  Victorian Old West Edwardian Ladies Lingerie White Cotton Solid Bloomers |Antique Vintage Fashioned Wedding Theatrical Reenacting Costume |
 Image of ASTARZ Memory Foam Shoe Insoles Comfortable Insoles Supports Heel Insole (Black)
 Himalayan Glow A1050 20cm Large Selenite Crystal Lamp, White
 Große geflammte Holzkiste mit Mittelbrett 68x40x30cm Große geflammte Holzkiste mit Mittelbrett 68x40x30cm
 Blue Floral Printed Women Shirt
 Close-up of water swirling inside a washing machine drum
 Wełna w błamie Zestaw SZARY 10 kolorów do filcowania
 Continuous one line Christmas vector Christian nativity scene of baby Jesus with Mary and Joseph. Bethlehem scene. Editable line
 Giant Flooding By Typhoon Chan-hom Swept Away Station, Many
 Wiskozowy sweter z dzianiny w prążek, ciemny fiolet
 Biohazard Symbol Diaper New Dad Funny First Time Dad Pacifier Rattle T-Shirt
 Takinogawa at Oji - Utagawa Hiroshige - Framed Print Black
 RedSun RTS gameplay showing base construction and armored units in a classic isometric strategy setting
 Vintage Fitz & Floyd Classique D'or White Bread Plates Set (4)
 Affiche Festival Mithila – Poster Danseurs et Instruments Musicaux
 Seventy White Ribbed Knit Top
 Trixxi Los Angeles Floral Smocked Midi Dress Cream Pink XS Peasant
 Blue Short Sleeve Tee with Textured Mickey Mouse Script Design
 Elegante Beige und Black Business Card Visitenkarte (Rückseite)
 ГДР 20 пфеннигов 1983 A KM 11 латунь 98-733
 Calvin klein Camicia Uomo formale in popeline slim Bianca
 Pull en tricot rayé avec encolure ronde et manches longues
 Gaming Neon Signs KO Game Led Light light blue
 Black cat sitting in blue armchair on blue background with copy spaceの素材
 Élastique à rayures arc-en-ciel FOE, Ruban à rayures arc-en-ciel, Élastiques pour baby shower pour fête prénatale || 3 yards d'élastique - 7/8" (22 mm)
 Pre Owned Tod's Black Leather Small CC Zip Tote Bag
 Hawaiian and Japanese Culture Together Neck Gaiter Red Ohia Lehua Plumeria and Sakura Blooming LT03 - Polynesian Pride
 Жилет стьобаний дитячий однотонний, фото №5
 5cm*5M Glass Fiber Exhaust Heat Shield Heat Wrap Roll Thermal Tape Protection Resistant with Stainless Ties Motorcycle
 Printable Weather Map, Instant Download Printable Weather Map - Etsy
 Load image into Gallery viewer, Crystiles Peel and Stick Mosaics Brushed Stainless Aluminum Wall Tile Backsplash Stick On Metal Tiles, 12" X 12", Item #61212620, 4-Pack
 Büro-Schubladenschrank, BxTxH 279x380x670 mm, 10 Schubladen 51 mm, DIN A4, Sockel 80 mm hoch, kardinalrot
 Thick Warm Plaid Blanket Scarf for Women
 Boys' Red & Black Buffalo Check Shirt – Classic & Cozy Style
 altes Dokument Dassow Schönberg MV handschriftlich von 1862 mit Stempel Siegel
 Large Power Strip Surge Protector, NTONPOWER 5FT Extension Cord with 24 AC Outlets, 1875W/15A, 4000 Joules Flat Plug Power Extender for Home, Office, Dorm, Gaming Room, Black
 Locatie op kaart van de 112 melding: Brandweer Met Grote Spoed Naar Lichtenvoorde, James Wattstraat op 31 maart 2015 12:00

★ ★ ★ ★

■ What needs to be done: Give back the records above exactly, limited to the lines between the one holding "Trixxi Los Angeles" and the one holding "Hawaiian and Japanese", inclusive.

■ Answer:
 Trixxi Los Angeles Floral Smocked Midi Dress Cream Pink XS Peasant
 Blue Short Sleeve Tee with Textured Mickey Mouse Script Design
 Elegante Beige und Black Business Card Visitenkarte (Rückseite)
 ГДР 20 пфеннигов 1983 A KM 11 латунь 98-733
 Calvin klein Camicia Uomo formale in popeline slim Bianca
 Pull en tricot rayé avec encolure ronde et manches longues
 Gaming Neon Signs KO Game Led Light light blue
 Black cat sitting in blue armchair on blue background with copy spaceの素材
 Élastique à rayures arc-en-ciel FOE, Ruban à rayures arc-en-ciel, Élastiques pour baby shower pour fête prénatale || 3 yards d'élastique - 7/8" (22 mm)
 Pre Owned Tod's Black Leather Small CC Zip Tote Bag
 Hawaiian and Japanese Culture Together Neck Gaiter Red Ohia Lehua Plumeria and Sakura Blooming LT03 - Polynesian Pride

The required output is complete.